Immigration Policy is Forcing Us To Ask, What Are People For?

Executive Director’s Corner

Dear All:

This is our first newsletter of the new year, so, I wish you all a very happy and prosperous one!

For those concerned about unbridled immigration and its impact on population growth, and our ability to care for our most vulnerable and the labor market, the year is off to a bad start.

In 2021, in the face of no real enforcement on the part of the Biden administration, roughly one million migrants (placed into removal proceedings under Title 8 of the Immigration & Naturalization Act) surged the border, and many have remained. The fledgling reforms made to the H-1B visa employment visa program that would have prevented the displacement of American workers, were either blocked or postponed. Additionally, when engaged in litigation, government agencies like the Department of Homeland Security (DHS) tended to fold like a cheap suitcase when facing open border interests.

Despite all this, there’s still a cacophony of voices led by the mainstream media that bemoan fewer workers are showing up at our border eager to work the “jobs Americans won’t do.” Case in point is Correspondent Chuck Todd’s remarks on last Sunday’s Meet the Press:

“And a look into one factor that could be contributing to the worker shortages we’ve been seeing as we enter 2022. We’ve talked about how everything from fears of infection, to childcare needs, to worker burnout have led to what’s simply known now as the Great Resignation. There’s another factor we might be overlooking and that’s this: fewer immigrants coming into the country looking for work and filling some of these jobs. Look at this, over the last six years, net international migration into the United States, we were at a million in 2016. And as you know, immigration got heavily politicized, right, over this six-year period. And look what it’s dribbled down to, 247,000 through mid-year 2021.”
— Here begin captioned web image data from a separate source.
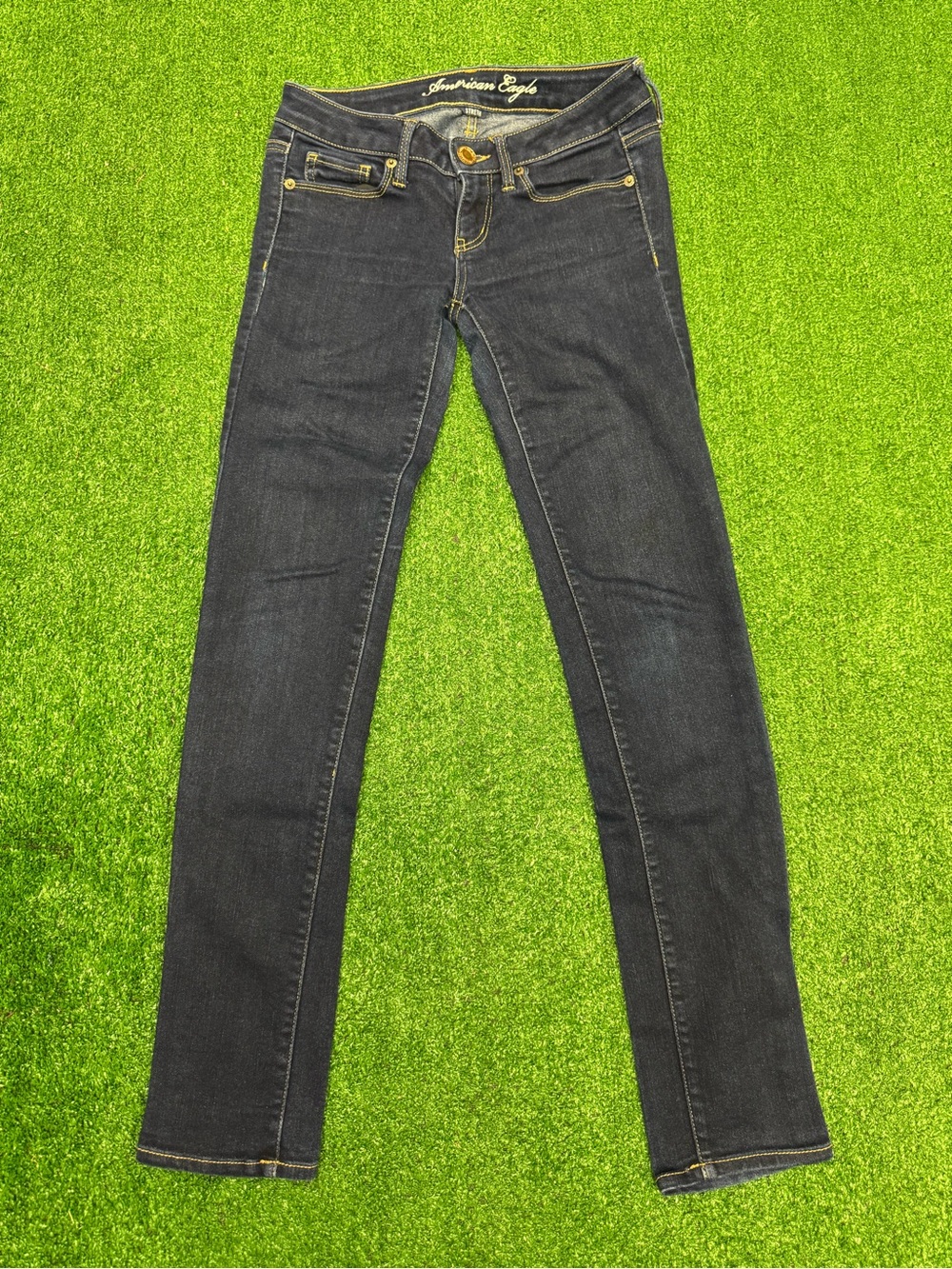 American Eagle Women's Medium Wash Stretch Low Rise Skinny Jeans, Size 4 R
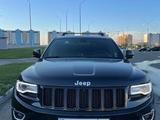 Jeep Grand Cherokee 2014 годаүшін15 800 000 тг. в Семей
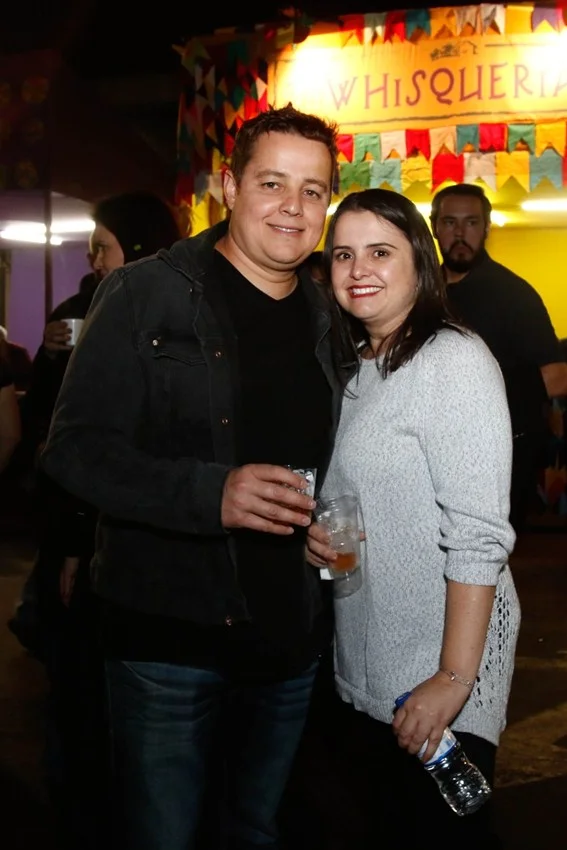 Moriael Paiva e Juliana Moriael Paiva e Juliana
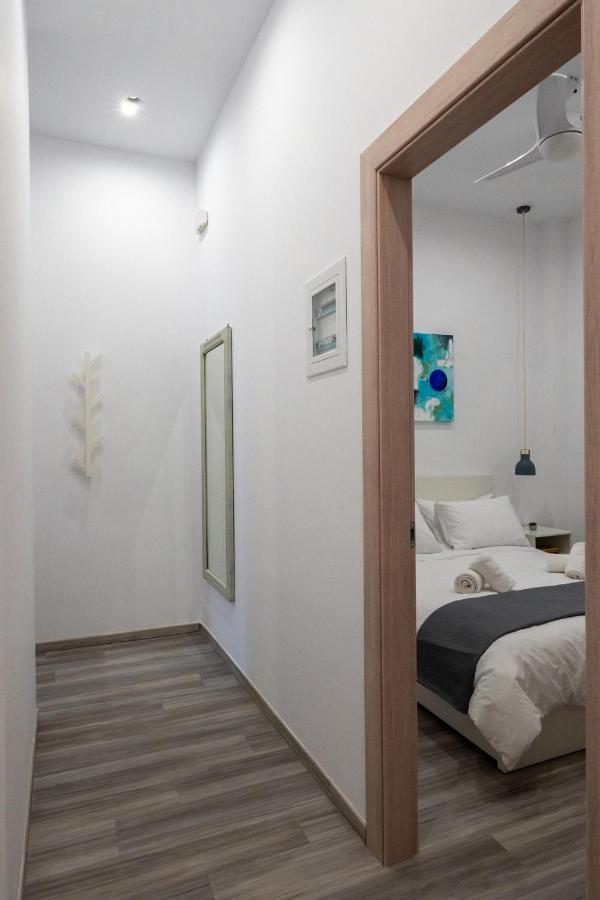Central Suites Aegina 2 Exteriör bild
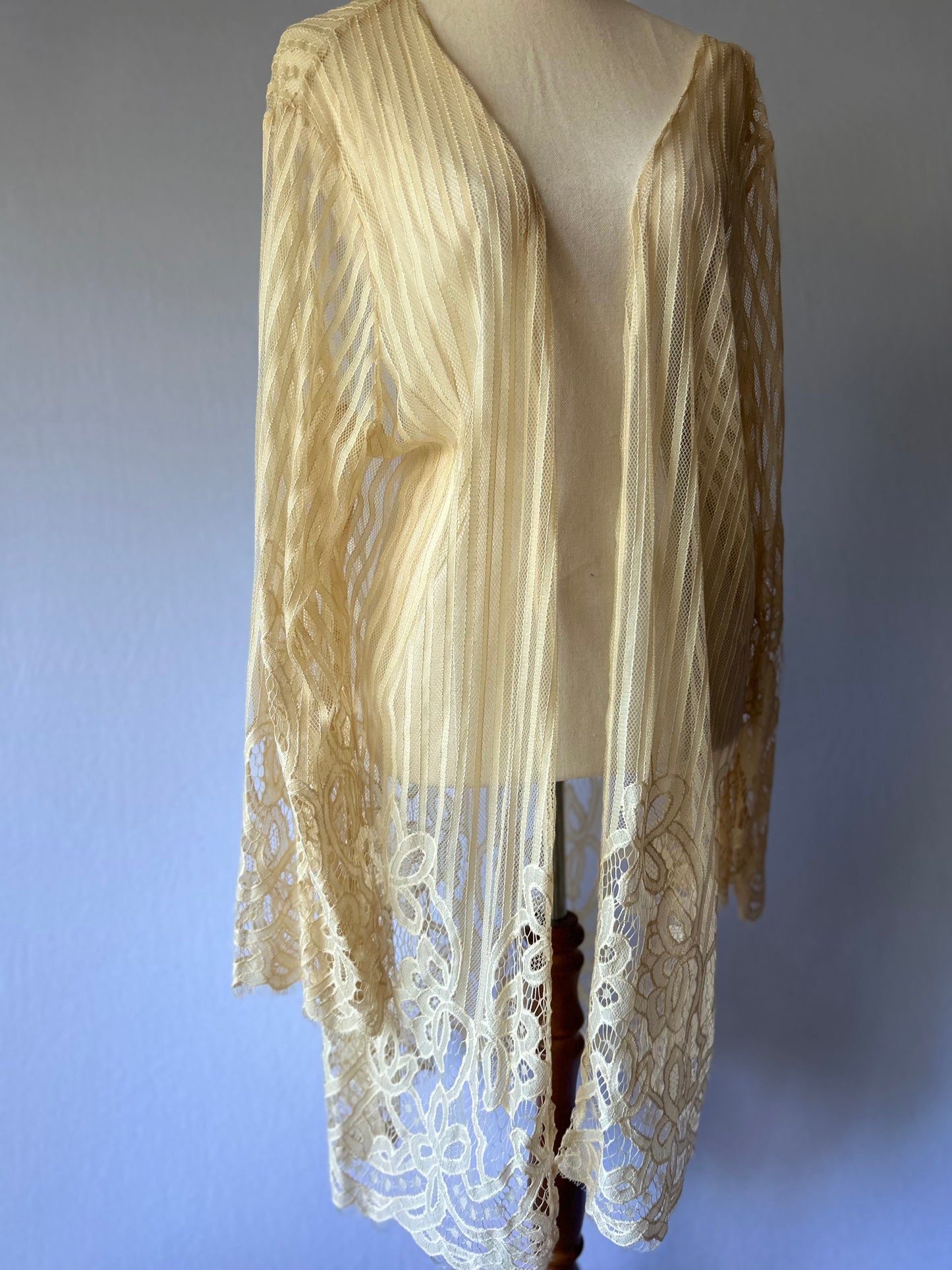 Beige Lace Kimono – One Size, Lightweight Polyester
Well, knock me over with a feather! Really, Chuck? With the exception of Kelly Osborne bemoaning the lack of candidates to clean her toilet, there’s nothing to indicate that jobs going unfilled is attributable to a downturn in legal immigration. Quite the opposite is true.
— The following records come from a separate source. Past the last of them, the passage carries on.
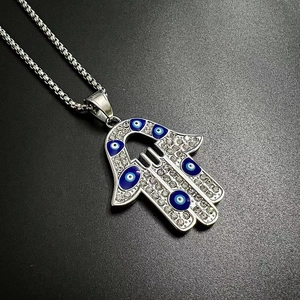 Vue détaillée du pendentif Main de Fatma avec strass et détails d'Oeil de démon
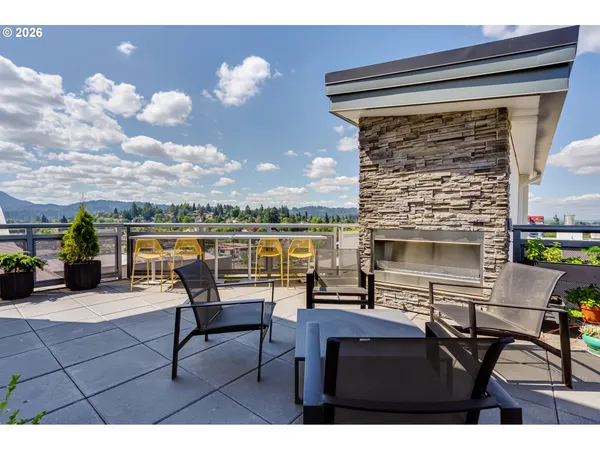 $999,000 | 1600 Pearl Street, Unit 608, Eugene, OR 97401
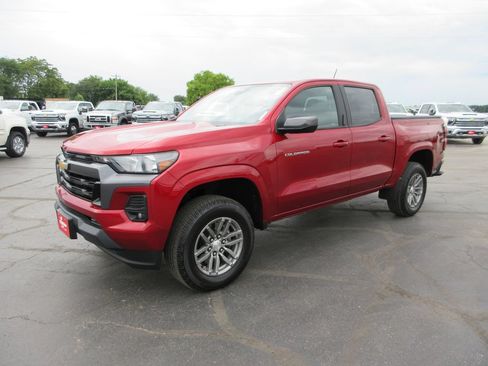 Used 2023 Chevrolet Colorado LT w/ LT Convenience Package AWD/4WD image 13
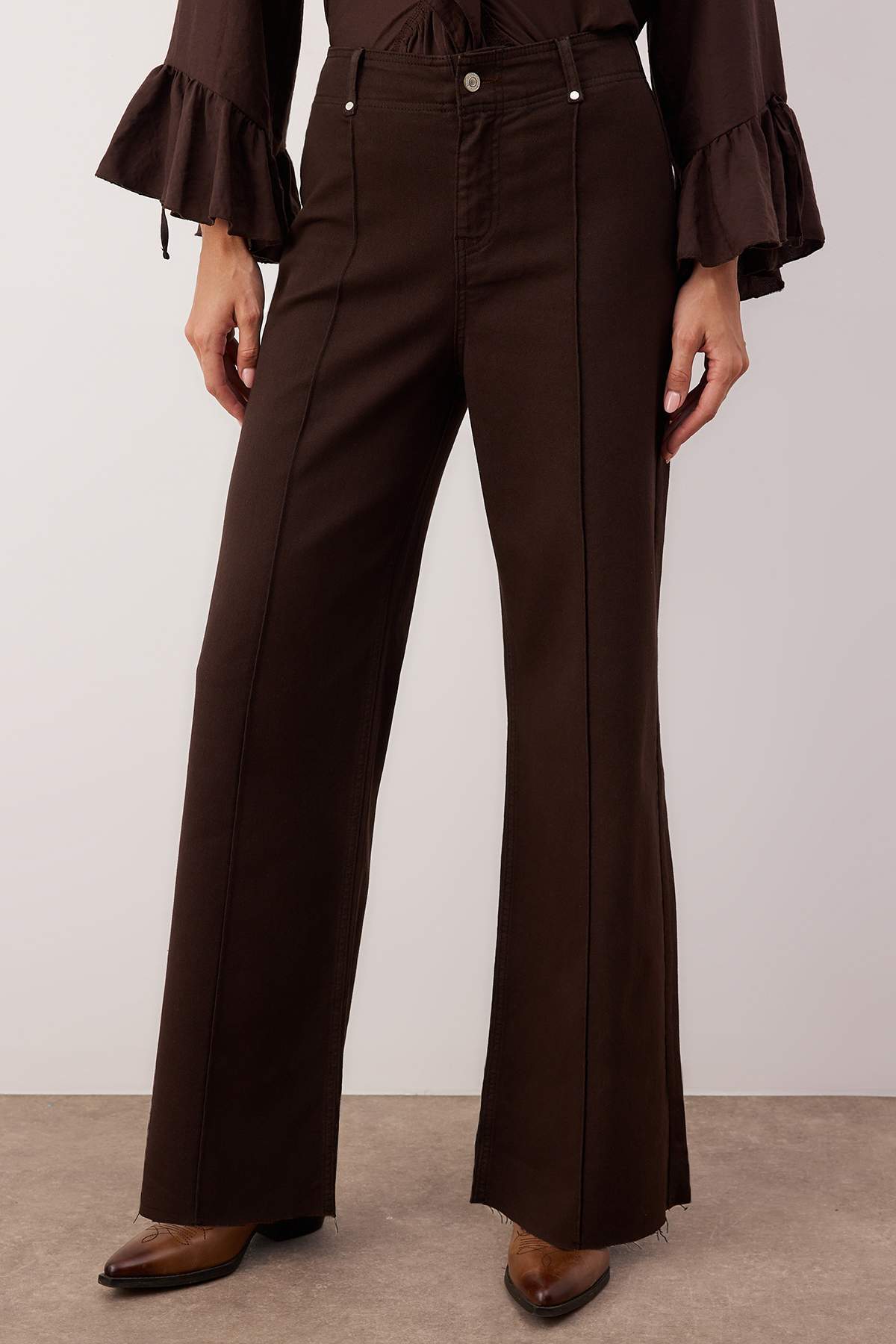 Trendyolmilla Kırmızı Yüksek Bel Nervür Detaylı Paça Kesikli Comfort/Esnek Wide Leg Jeans TWOSS25JE00310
During the Trump administration, when net immigration began to decline, the U.S. enjoyed not only low unemployment but a greater labor force participation rate and increasing wages. It’s true that net migration “dribbled down to 247,000 through mid-year 2021.” But Todd fails to mention that the surge to the border brought us approximately one million migrants in 2021.

Moreover, as the graph demonstrates, the issuance of employment visas at this time has more than made up for any loss of workers the drawdown in legal immigration may have caused. Truth be told, the majority of the pre-COVID drop in immigration was in Immigrant Visas, not Work Visas. In fact, the number of work visas grew sharply from 2010 to 2016 and didn’t sink back to its 2010 level until 2021, well into COVID.
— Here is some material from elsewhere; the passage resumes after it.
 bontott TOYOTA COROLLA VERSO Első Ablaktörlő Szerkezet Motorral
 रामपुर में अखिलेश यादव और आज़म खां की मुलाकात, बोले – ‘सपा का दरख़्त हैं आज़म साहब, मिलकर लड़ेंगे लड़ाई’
Chuck Todd is all wet when he attempts to paint lower levels of net immigration as the reason jobs are not being filled. So, what’s the real culprit?

First, I want to revisit the notion of The Great Resignation Todd mentioned. The Great Resignation is an idea proposed by Professor Anthony Klotz of Texas A&M University which predicts many people leaving their jobs after the COVID-19 pandemic ends, and life returns to “normal.”

The idea posits that workers plagued by burn out and uncertainty will simply quit their jobs at a higher level than pre-Covid times. The evidence seems to indicate this is happening, but the 3% rate at which workers are quitting their jobs is just 1% above what could be considered the norm.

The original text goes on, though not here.